TL494 Doubts about driving NPNs

Kindly someone explain to me how these 2nos 2sc945 driven

They are push-pull (alternatively driven) drivers to the main switching stage.
Pin 12 of the TL494 is the positive supply feeding the IC and the center of the transformer through the unmarked resistor and series diode. The bias for the two transistors comes from the positive supply via the 3K3 resistors and is pulled to ground to turn them off through the internal transistors in the TL494 (C1,E1 and C2,E2).

I suspect the two diodes in the emitters of the transistor are to ensure they turn completely off as the TL494 output saturation voltage may be too high if they were grounded. By lifting the emitters of the transistors above 0V it makes the base voltage appear lower.

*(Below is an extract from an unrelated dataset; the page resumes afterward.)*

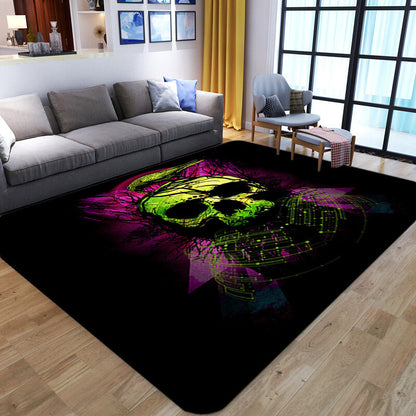 Vivolux | Punk Abstract Skull Print Teppich Schwarz Neuheit Teppich Synthetik Fleckenbeständig Maschinenwaschbar Rutschfeste Rückseite Teppich für Wohnzimmer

I am suspicious that some of the diodes may not be 1N4148 as it would be pushing them close to their limits.

Brian.

The very fact that the two NPNs are pulled to ground confuses me.
Suppose these outputs are totem-pole. then for push pull we can say Transistor 1 is turned on for a maximum of 45% then 5% dead time then Transistor 2 turn on for 45% and then 5% off time and this goes on.. Bipolar drive
So here according to the above circuit the transistor T1 turns on for 55% and Turns off for 45% ???? same with T2 ???

the ckt is a bit wrong as the pull up R's to the pus-pull gate drive xfmr are not symmetric and one resistor has no value....

This are ATX curcuit diagras I got from internet. There is a similar one I will post

The schematic in post #5 makes more sense. As pointed out, the biasing for the two transistors should be identical but one has an extra resistor for some reason. I suspect the resistor with no value is actually a link as adding resistance there will degrade the push-pull performance.

The 3K3 resistors in both schematics turn the transistors on and the TL494 diverts the bias current to ground to turn them off. It really doesn't make any difference whether they default to on and are turned off or if they are off until turned on as long as the drive waveform adapts accordingly. This is not a totem pole configuration where the ratio of top/bottom waveform changes the average in the middle, the transistors are turned on alternately, the duty cycle of both transistors is changed simultaneously to control the output power.

Brian.

SO simply driving 2 mosfets (say IRF740) instead of this C945 what method is recomended.?

I'm not sure what you mean. The 2SC945 are drivers in a push-pull configuration. They drive a single center-tapped transformer and it is the output of that transformer that drives the main switching stage.

It may be possible to replace the transistors with MOSFETs but it wouldn't make the circuit any better, it would still have to be push-pull.

Maybe you are confusing the kind of PSU with a PWM half or full bridge circuit where the top and bottom transistors in a total pole are driven with different waveforms. In this PSU the output is controlled by the pulse width sent to both transistors although only one at a time. If you look at the TL494 data sheet you will see that both outputs are from internal transistors at the same potential, there is no 'high side' and 'low side' output as such.

Brian.

The very fact that the two NPNs are pulled to ground confuses me.

Click to expand...

that is ok, when both NPN are opened transformer is shorted - high side coils have a low resistance and power keys are switched off.

To add to previous posts, the first circuit apparently has a fifth winding on the gate drive transformer which is coupled to the output of the final push pull stage. There's a slim chance this could be some sort of neat trick (the schematic doesn't indicate turns ratios or even winding polarity) but I'm 99% sure the schematic is just rubbish.

The second schematic is much more reasonable. But ATX supplies are notorious for using lots of convoluted analog circuits in order to keep costs as low as absolutely possible. Such as using an extremely basic controller like the 494.

both schematics displayed appear to be "ünreliable" shall we say ...